For the listing that follows, give again exactly the lines from the one with "TOV Furniture Hyre" to the one with "Toronto Raptors #9", including both.

(Data shown begins)

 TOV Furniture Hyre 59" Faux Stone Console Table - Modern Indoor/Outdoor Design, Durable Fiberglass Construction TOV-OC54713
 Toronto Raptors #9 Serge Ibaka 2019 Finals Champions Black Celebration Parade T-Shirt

(Data shown ends)
(Data shown begins)

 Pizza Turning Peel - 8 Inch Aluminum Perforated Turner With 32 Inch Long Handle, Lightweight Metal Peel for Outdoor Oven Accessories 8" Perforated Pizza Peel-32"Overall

(Data shown ends)

_Solution to the exercise_
 TOV Furniture Hyre 59" Faux Stone Console Table - Modern Indoor/Outdoor Design, Durable Fiberglass Construction TOV-OC54713
 Toronto Raptors #9 Serge Ibaka 2019 Finals Champions Black Celebration Parade T-Shirt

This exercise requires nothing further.